RECORDS PROVIDED:
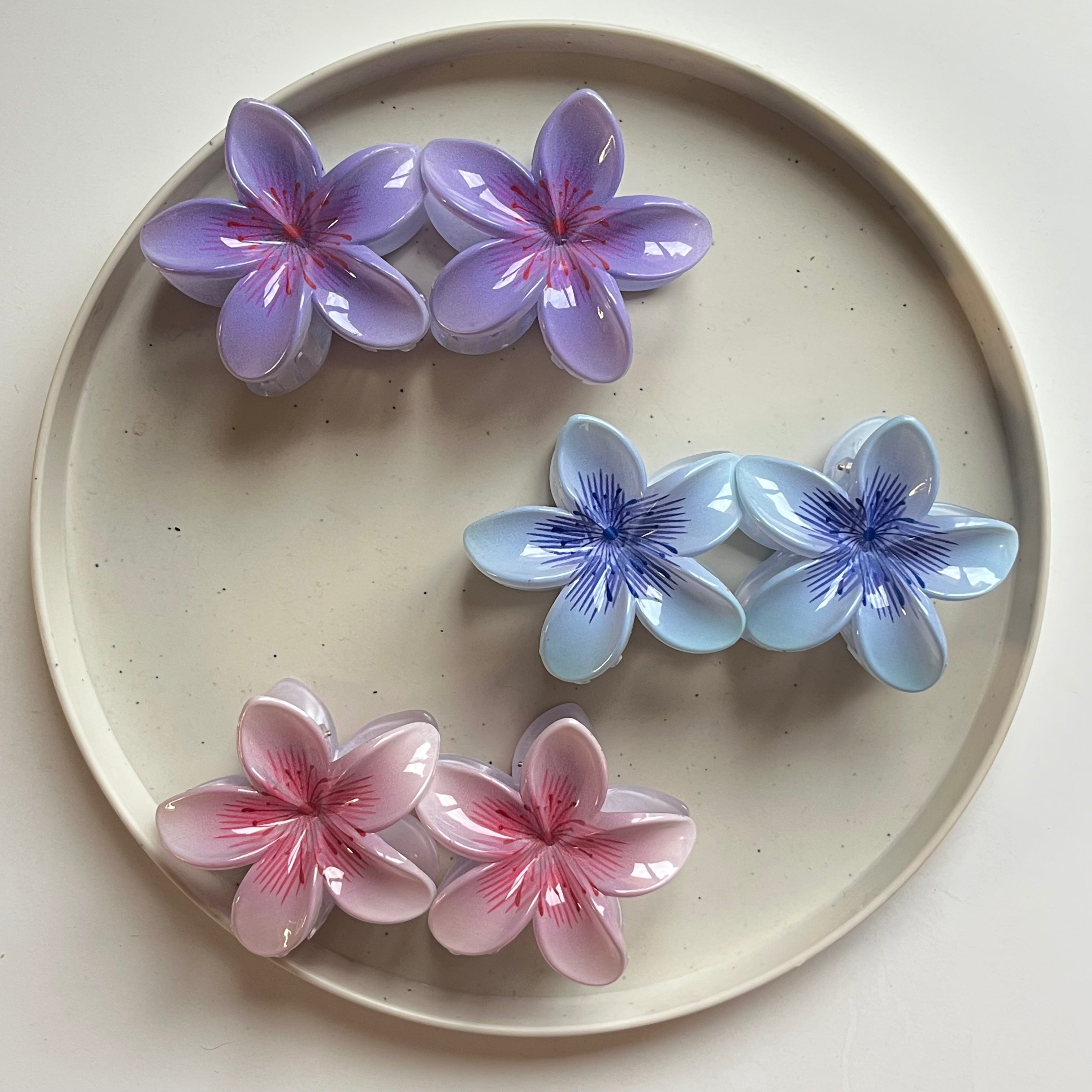 Glossy Petal Bloom Hair Claw Set of 6 Pcs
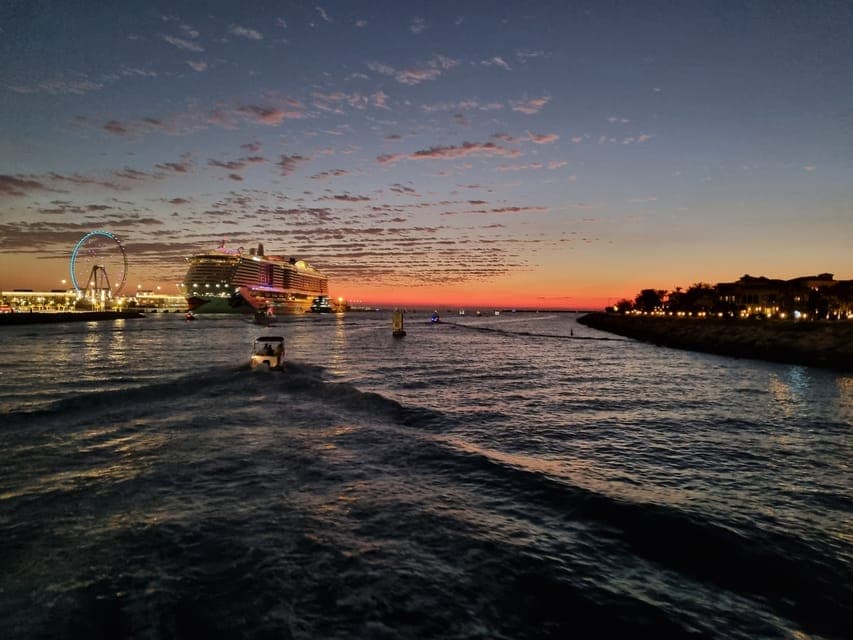 Luxury Sightseeing Cruise with Food and Drinks Gallery Image 2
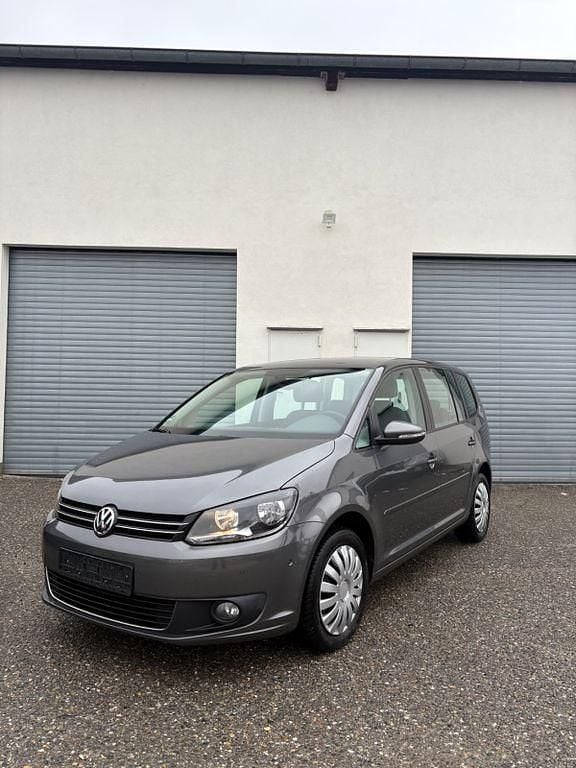 Gebraucht VW Touran Comfortline 105 PS (77 kW) 2013 Braun Van / Kleinbus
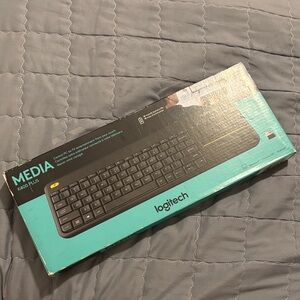 Logitech K400 Plus Wireless Keyboard with Teal Accent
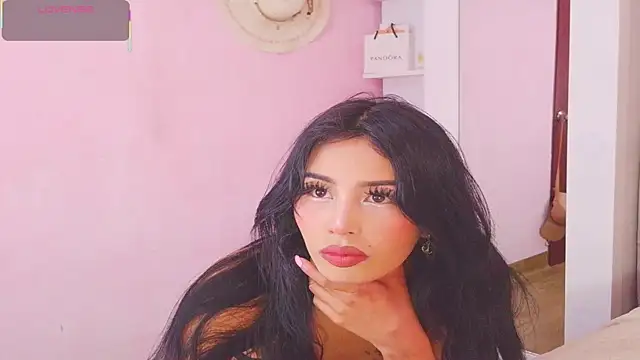 Snapshot of Miss_Charlottet chatting on June 29, 8:09 pm Miss Charlottet online show from June 29, 8:09 pm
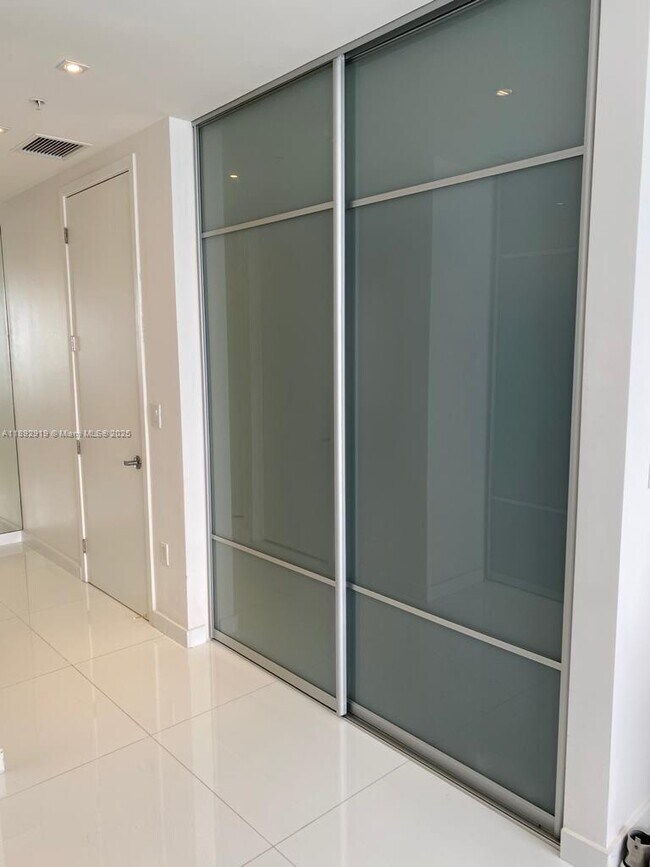 Photo - 18201 Collins Ave Unit 3306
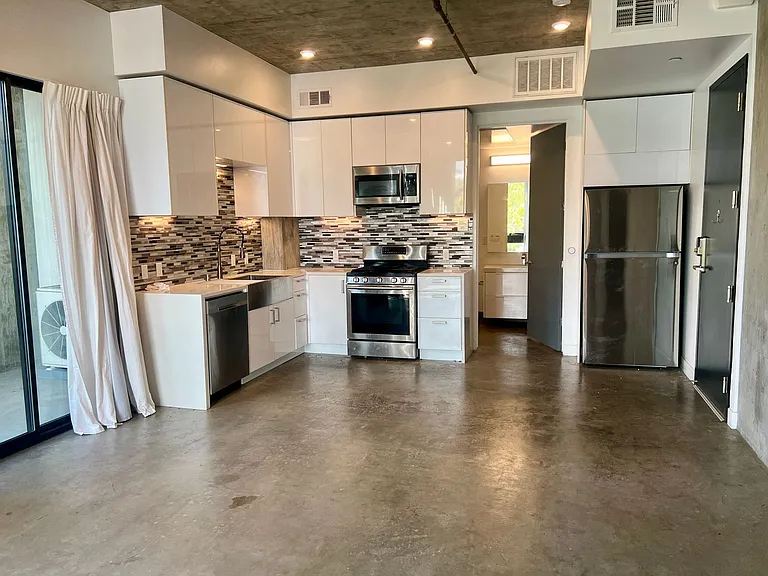 Contour Lofts — Photo 2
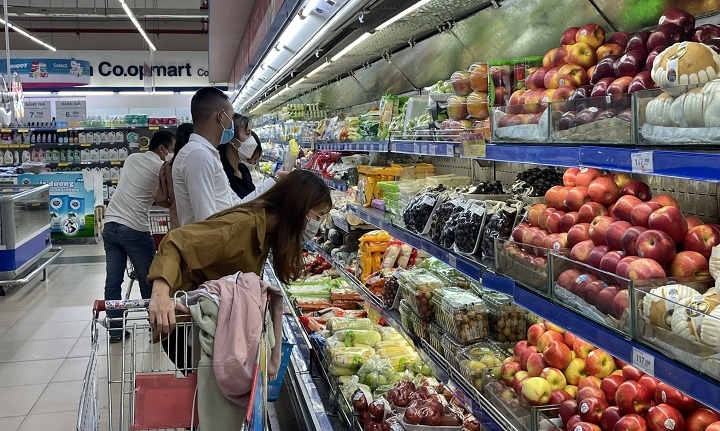 Bộ Công Thương hiện đang lấy ý kiến của người dân về đề xuất phân loại giữa siêu thị và trung tâm thương mại.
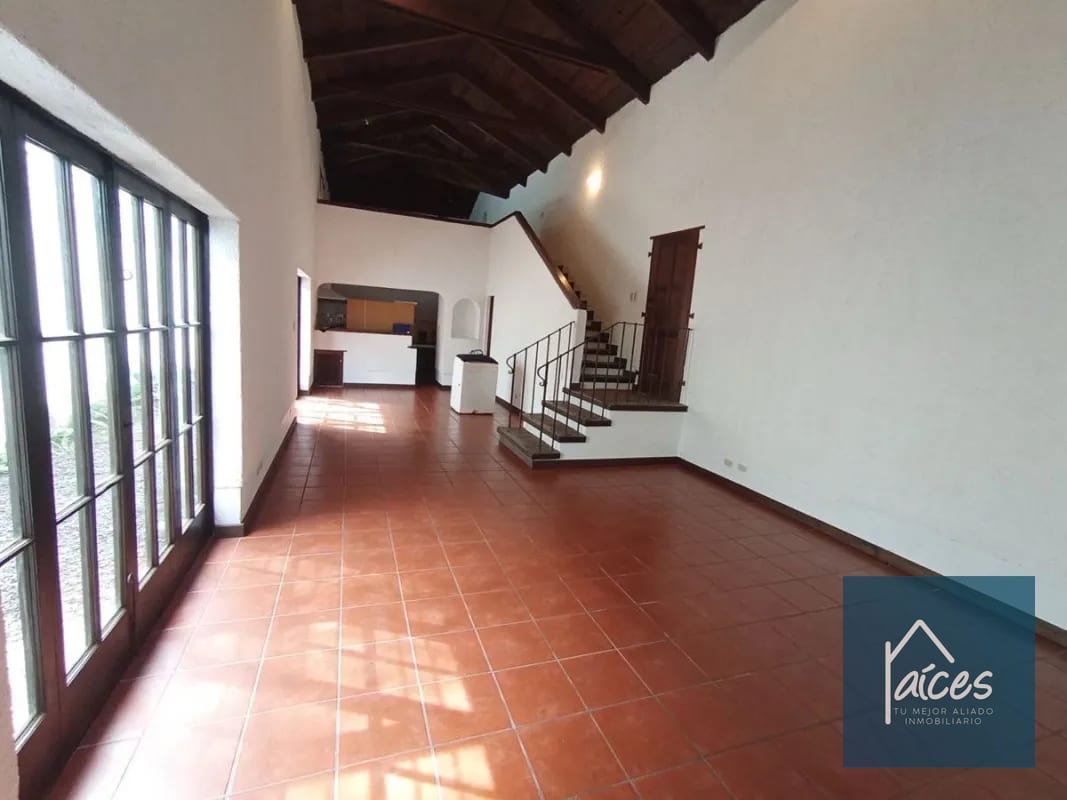 Suite (sin Muebles) en el Pensativo Gravileas Antigua (d) — Apartamento en Alquiler en Las Gravileas, Antigua, Sacatepéquez — foto 6 de 6
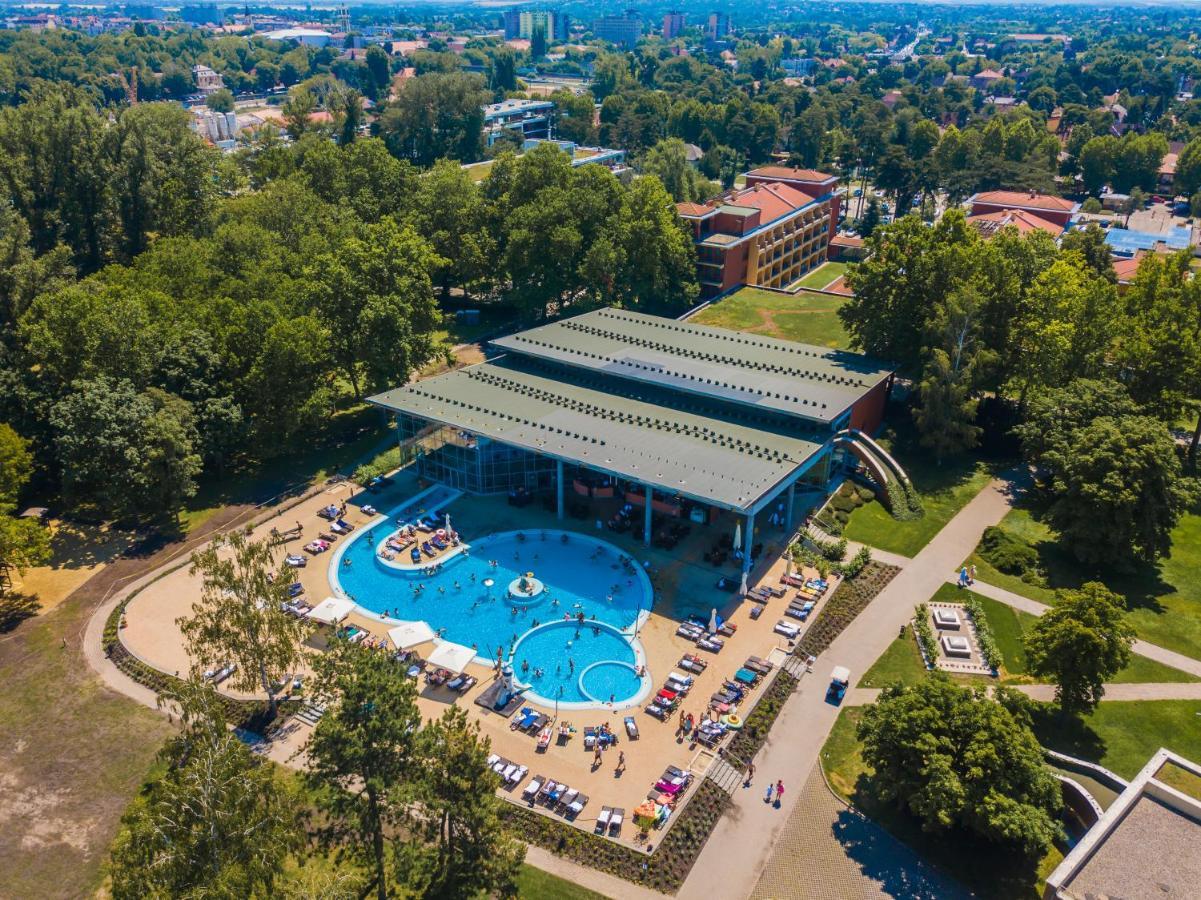 Mf Villa Azur Wellness Apartment Siófok Dış mekan fotoğraf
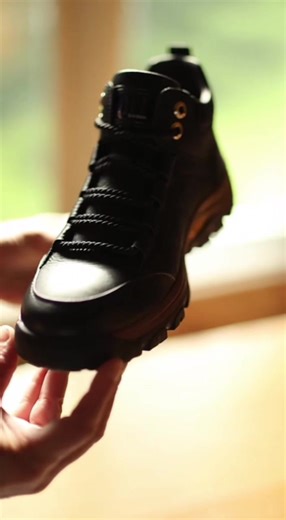 Rugged Men's Work Boots - Thick Rubber Sole for Rough Terrain & Everyday Use #mensoutdoorboots #ruggedfootwear #durableboots #workstyle #everydaywork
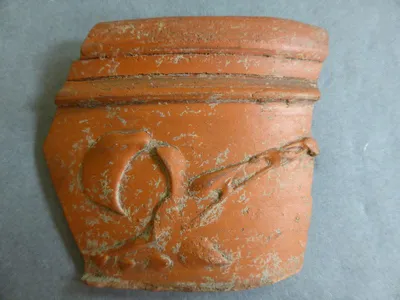 vase ; fragment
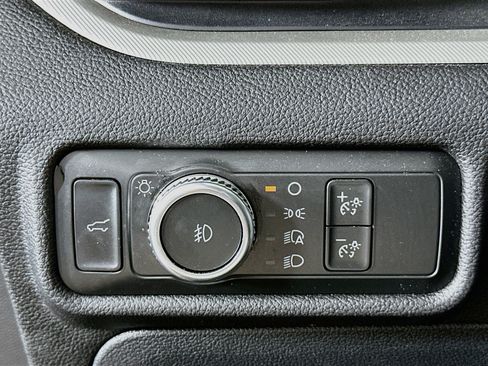 Used 2021 Ford Explorer XLT w/ Equipment Group 202A AWD/4WD image 17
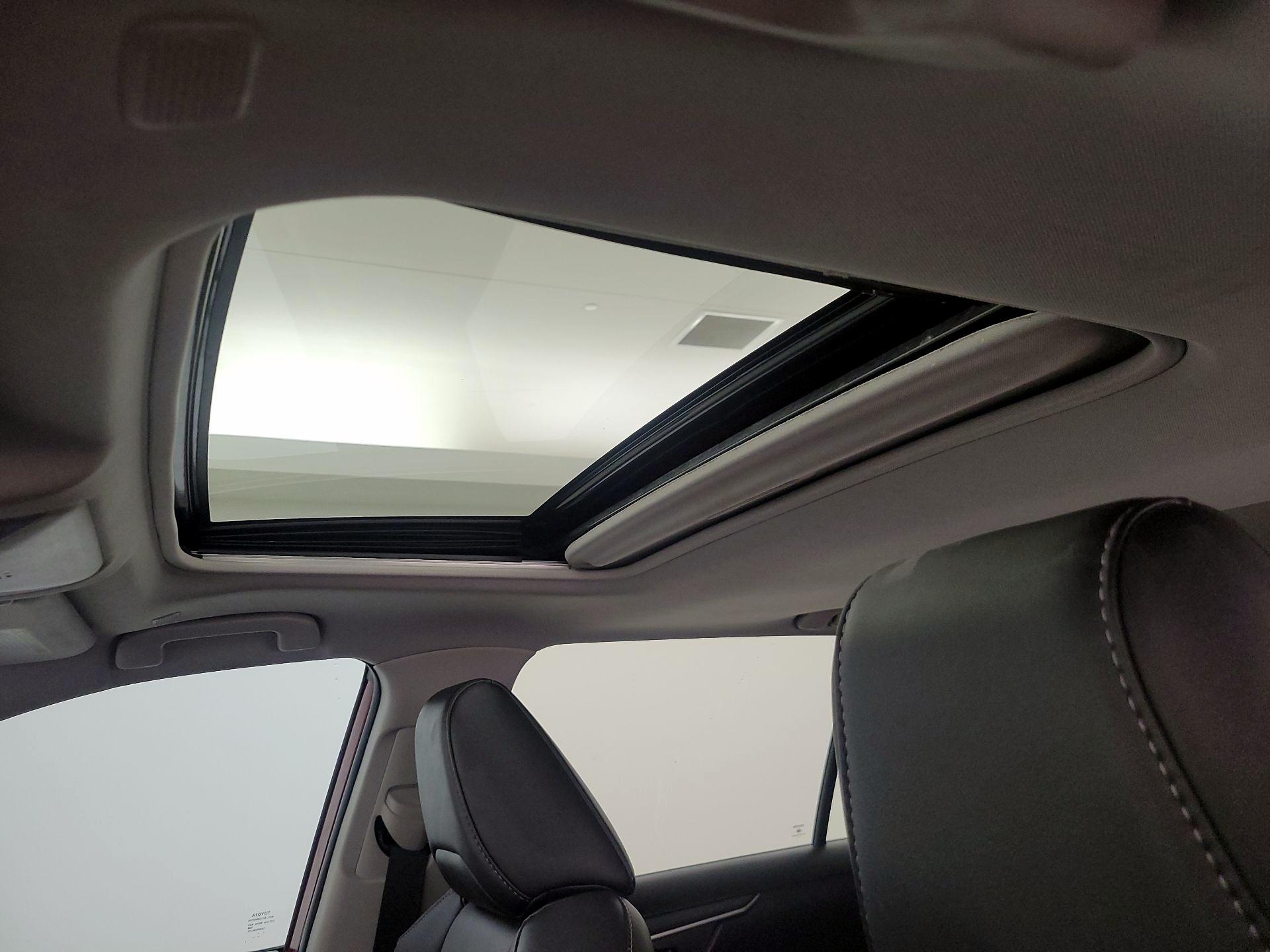 Thumbnail: 2023 Toyota RAV4 - 19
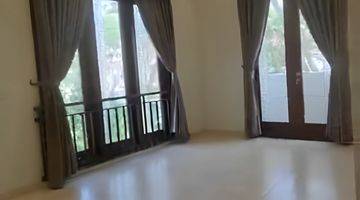 foto lainnya rumah mewah 2 lantai kota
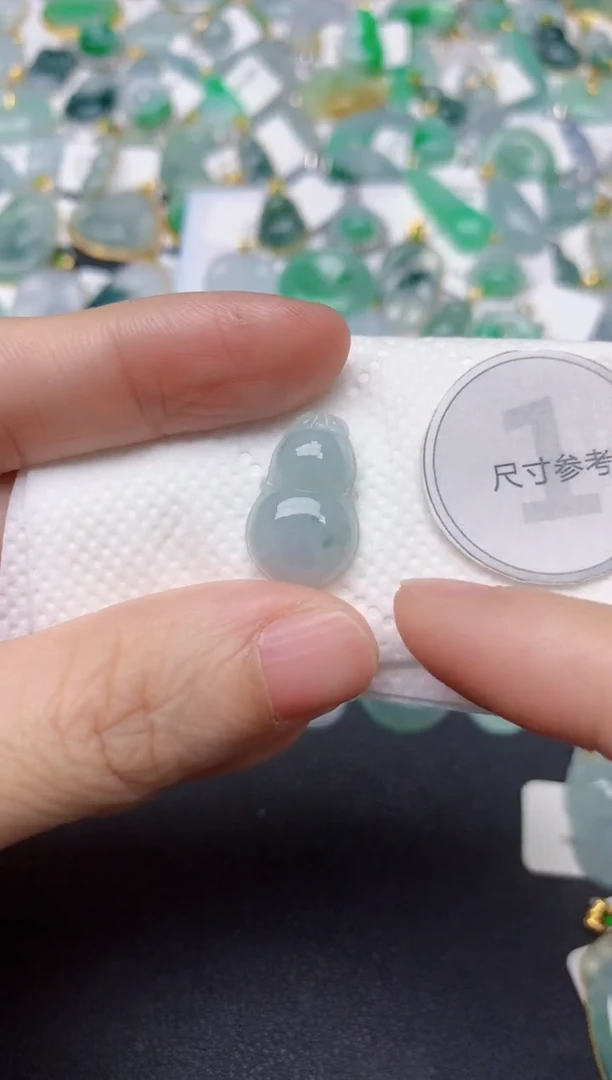 颈饰未镶嵌翡翠天然缅甸A货翡翠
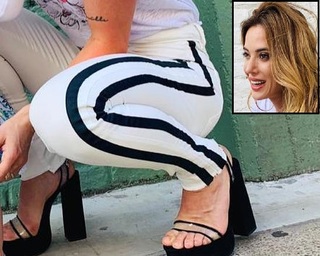 Jessica Cirio feet photo thumbnail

YOUR TASK: Within the entries above, the lines from the one containing "Photo - 18201 Collins Ave Unit 3306" through the one containing "Mf Villa Azur" are to be transcribed exactly, ends included, pictures excluded.

WRITTEN RESPONSE:
 Photo - 18201 Collins Ave Unit 3306
 Contour Lofts — Photo 2
 Bộ Công Thương hiện đang lấy ý kiến của người dân về đề xuất phân loại giữa siêu thị và trung tâm thương mại.
 Suite (sin Muebles) en el Pensativo Gravileas Antigua (d) — Apartamento en Alquiler en Las Gravileas, Antigua, Sacatepéquez — foto 6 de 6
 Mf Villa Azur Wellness Apartment Siófok Dış mekan fotoğraf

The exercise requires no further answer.